Conquer Class Loader Confusion
The ClassLoader solution is a one-time cost that provides a way out of class versioning conflicts
by Daniel F. Savarese
February 24, 2005
Of late, I've been hearing many complaints from colleagues and acquaintances about running into software versioning conflicts with J2EE application servers. The basic problem has existed for quite some time, but it would seem that there are now enough Java libraries shared between applications and application servers to exacerbate the problem. Versioning conflicts occur when an application server uses version A of a Java package, an application to be hosted by the server uses version B of the same package, and versions A and B are incompatible. When the application tries to use the package, the classes from version A are loaded instead of the ones from version B. If the classes behave differently, problems ensue.

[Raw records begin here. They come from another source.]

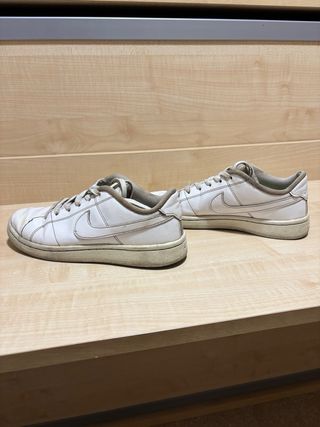 Nike Bambas Blancas Talla 38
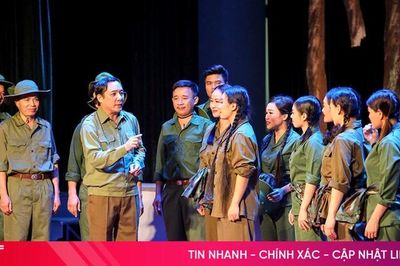 Sẵn sàng đưa vở ca kịch 'Khoảng trời con gái' đến với công chúng phía Bắc
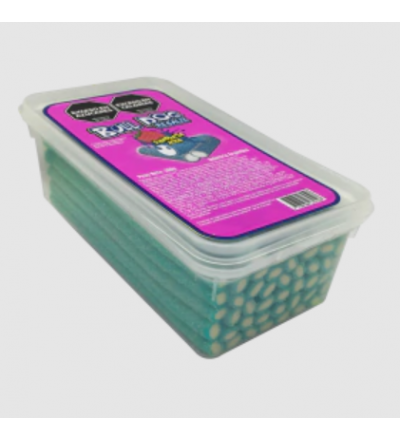 REGALIZ BULL DOG FRAMBUESA 360 GR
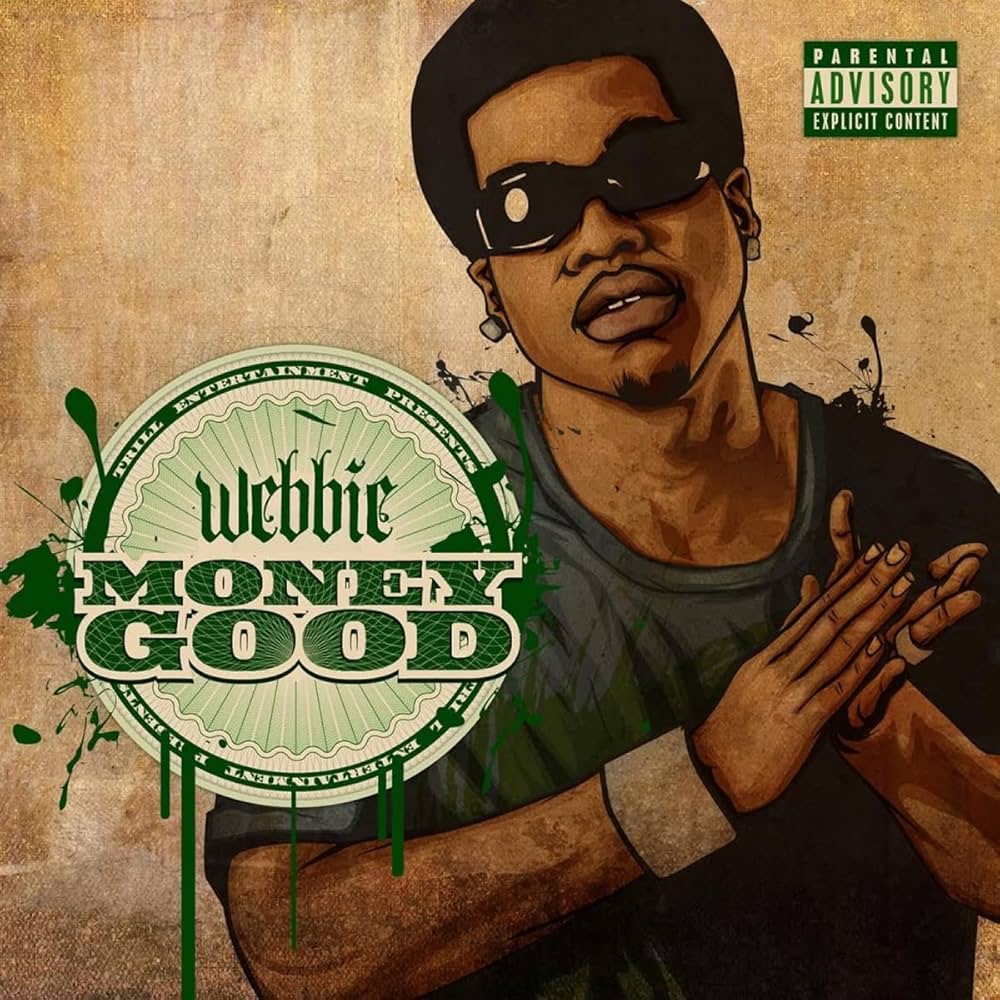 Webbie - Money Good CD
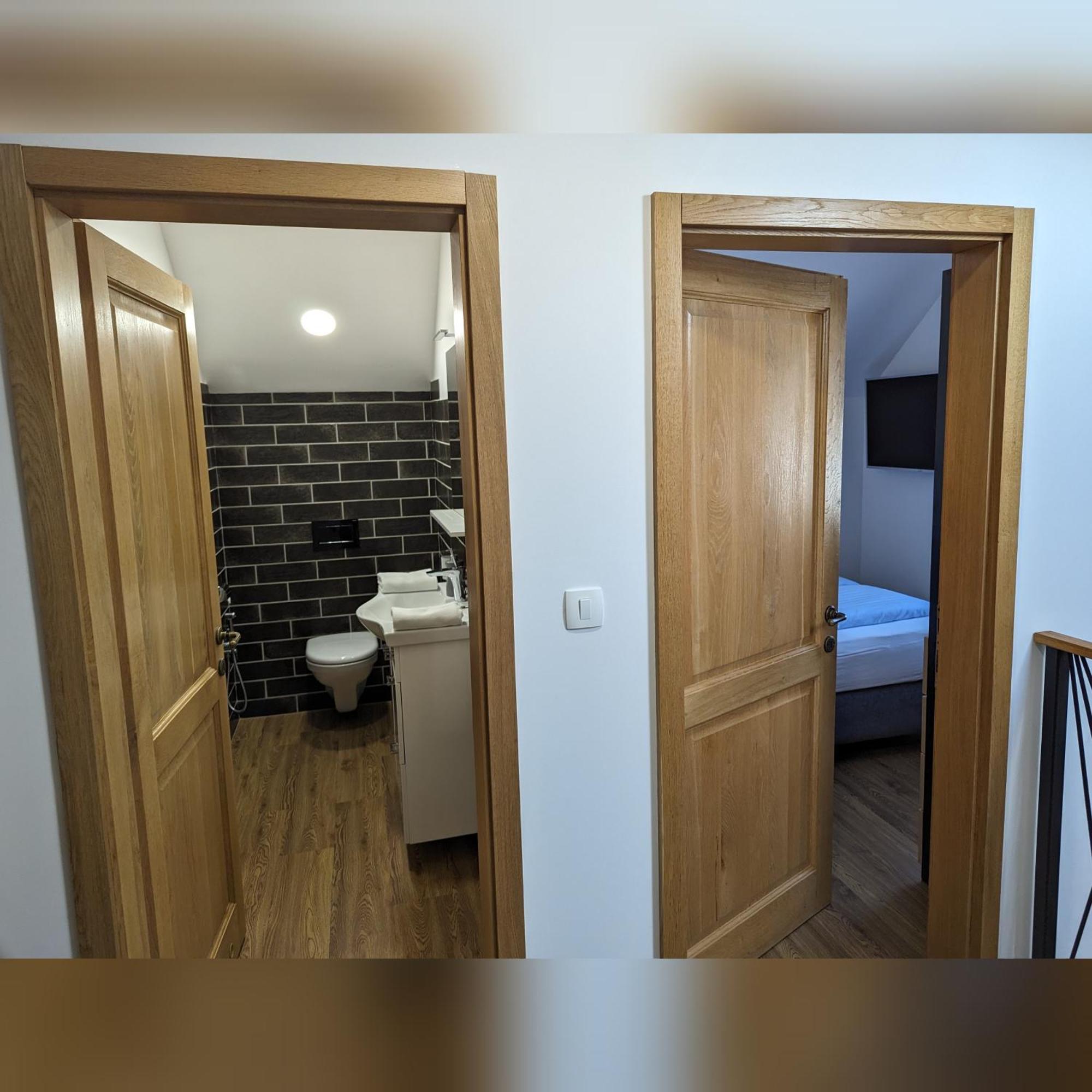 My Time Holiday House With Sauna Zgornje Gorje Extérieur photo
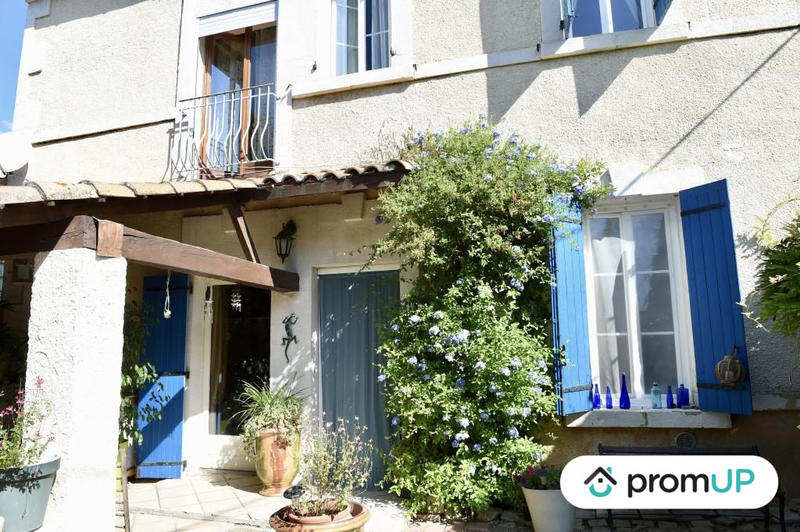 Mas - 153 m² - 5 pièces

This situation is common, in part, because so many application servers rely on open source software to some extent. The release cycle of commercial software is typically not as fast as that of open source software. Therefore, newly released application servers often do not include the latest versions of libraries. In addition, enterprise software upgrade cycles lag behind vendor release cycles, sometimes skipping releases for the sake of maintaining stability. Consequently, developers using the latest and greatest Java libraries run headlong into J2EE servers that incorporate older versions of the libraries.
The problem also emerges going the other direction. An enterprise application that has been around for several years may encounter an incompatibility when the application server is upgraded. If the program depends on an older version of a library packaged with the application server, the new library may cause run-time exceptions such as NoSuchMethodException when the program tries to access an API element that no longer exists.
Much of the time, developers don't notice that a different version of a library—here I consider a library to be a collection of Java packages—is being used because they aren't using parts of the API that have changed or aren't triggering bugs that may have been fixed in a later version. When the problem arises, developers have to figure out a way around it. Replacing the application server libraries can break the application server or other applications it hosts. If the developer doesn't have administrative control over the application server, that solution is not even possible.
Share and Share Alike
The crux of the problem is that most J2EE vendors have designed their products with a class-loading hierarchy that ultimately delegates to the application server's class loader. Even though separate class loaders are designated for each Web application—keeping Web applications from interfering with each other—the libraries used by the server itself are shared by all Web applications. I would speculate that there must be some products that don't have this problem, but I've heard reports of it surfacing on most of the major closed and open source products.
One approach programmers use to work around versioning conflicts is to change the names of the packages in the library source code to unique names used only by their code, recompile the library, and update all import statements and other references to package names in their source code. This solution works only if you have access to the library source code, which is not always the case. Although source code modification and recompilation is a reliable, short-term solution, it is time consuming in the long run. Writing shell scripts or using an IDE plug-in can automate package renaming.
Searching and replacing for all occurrences of package names within source code will catch the use of package names outside of package declarations and import statements, such as when fully qualified class names are used or names are embedded in strings used for reflection. Still, configuration and other support files may contain names, and some names used in reflection may be generated dynamically. You will always have to examine the code carefully to rename all instances of a name. More importantly, when you upgrade to a new version, you have to go through the whole process all over again. Patch files based on the previous set of modifications won't rename all package name occurrences in the new code, and shell scripts may require updating to account for code changes.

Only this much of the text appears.